● **RECORDED INFORMATION**:
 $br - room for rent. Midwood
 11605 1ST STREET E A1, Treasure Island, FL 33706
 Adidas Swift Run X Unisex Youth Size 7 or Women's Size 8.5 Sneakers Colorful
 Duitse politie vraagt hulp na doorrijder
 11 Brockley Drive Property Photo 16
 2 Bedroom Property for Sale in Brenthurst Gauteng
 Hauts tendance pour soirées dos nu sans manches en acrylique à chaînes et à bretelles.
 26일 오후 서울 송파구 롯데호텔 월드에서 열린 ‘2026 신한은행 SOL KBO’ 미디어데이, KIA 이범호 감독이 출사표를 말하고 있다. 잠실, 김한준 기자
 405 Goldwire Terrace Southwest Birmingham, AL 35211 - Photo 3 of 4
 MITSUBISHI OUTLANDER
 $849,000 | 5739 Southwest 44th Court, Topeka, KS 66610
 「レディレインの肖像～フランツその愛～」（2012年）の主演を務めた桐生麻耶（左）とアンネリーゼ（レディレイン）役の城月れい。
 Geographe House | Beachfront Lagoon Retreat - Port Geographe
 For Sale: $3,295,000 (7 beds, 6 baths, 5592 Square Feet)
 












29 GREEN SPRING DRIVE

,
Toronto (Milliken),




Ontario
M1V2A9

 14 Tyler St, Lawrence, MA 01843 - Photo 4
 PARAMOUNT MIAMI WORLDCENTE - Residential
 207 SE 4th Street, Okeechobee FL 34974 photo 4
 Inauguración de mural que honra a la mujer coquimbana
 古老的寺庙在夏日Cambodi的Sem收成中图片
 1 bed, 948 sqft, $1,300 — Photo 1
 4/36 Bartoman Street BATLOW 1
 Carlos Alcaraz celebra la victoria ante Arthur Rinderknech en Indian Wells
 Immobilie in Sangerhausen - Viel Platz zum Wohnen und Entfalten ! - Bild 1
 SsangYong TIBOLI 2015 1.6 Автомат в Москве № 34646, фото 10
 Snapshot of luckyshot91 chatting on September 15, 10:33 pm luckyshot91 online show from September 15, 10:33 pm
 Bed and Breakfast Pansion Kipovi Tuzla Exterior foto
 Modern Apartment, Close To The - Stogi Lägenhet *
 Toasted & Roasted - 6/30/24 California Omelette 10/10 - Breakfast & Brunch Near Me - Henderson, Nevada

● **TASK DETAILS**: Print every record above exactly as written.

● **ANSWER BOX**:
 $br - room for rent. Midwood
 11605 1ST STREET E A1, Treasure Island, FL 33706
 Adidas Swift Run X Unisex Youth Size 7 or Women's Size 8.5 Sneakers Colorful
 Duitse politie vraagt hulp na doorrijder
 11 Brockley Drive Property Photo 16
 2 Bedroom Property for Sale in Brenthurst Gauteng
 Hauts tendance pour soirées dos nu sans manches en acrylique à chaînes et à bretelles.
 26일 오후 서울 송파구 롯데호텔 월드에서 열린 ‘2026 신한은행 SOL KBO’ 미디어데이, KIA 이범호 감독이 출사표를 말하고 있다. 잠실, 김한준 기자
 405 Goldwire Terrace Southwest Birmingham, AL 35211 - Photo 3 of 4
 MITSUBISHI OUTLANDER
 $849,000 | 5739 Southwest 44th Court, Topeka, KS 66610
 「レディレインの肖像～フランツその愛～」（2012年）の主演を務めた桐生麻耶（左）とアンネリーゼ（レディレイン）役の城月れい。
 Geographe House | Beachfront Lagoon Retreat - Port Geographe
 For Sale: $3,295,000 (7 beds, 6 baths, 5592 Square Feet)
 












29 GREEN SPRING DRIVE

,
Toronto (Milliken),




Ontario
M1V2A9

 14 Tyler St, Lawrence, MA 01843 - Photo 4
 PARAMOUNT MIAMI WORLDCENTE - Residential
 207 SE 4th Street, Okeechobee FL 34974 photo 4
 Inauguración de mural que honra a la mujer coquimbana
 古老的寺庙在夏日Cambodi的Sem收成中图片
 1 bed, 948 sqft, $1,300 — Photo 1
 4/36 Bartoman Street BATLOW 1
 Carlos Alcaraz celebra la victoria ante Arthur Rinderknech en Indian Wells
 Immobilie in Sangerhausen - Viel Platz zum Wohnen und Entfalten ! - Bild 1
 SsangYong TIBOLI 2015 1.6 Автомат в Москве № 34646, фото 10
 Snapshot of luckyshot91 chatting on September 15, 10:33 pm luckyshot91 online show from September 15, 10:33 pm
 Bed and Breakfast Pansion Kipovi Tuzla Exterior foto
 Modern Apartment, Close To The - Stogi Lägenhet *
 Toasted & Roasted - 6/30/24 California Omelette 10/10 - Breakfast & Brunch Near Me - Henderson, Nevada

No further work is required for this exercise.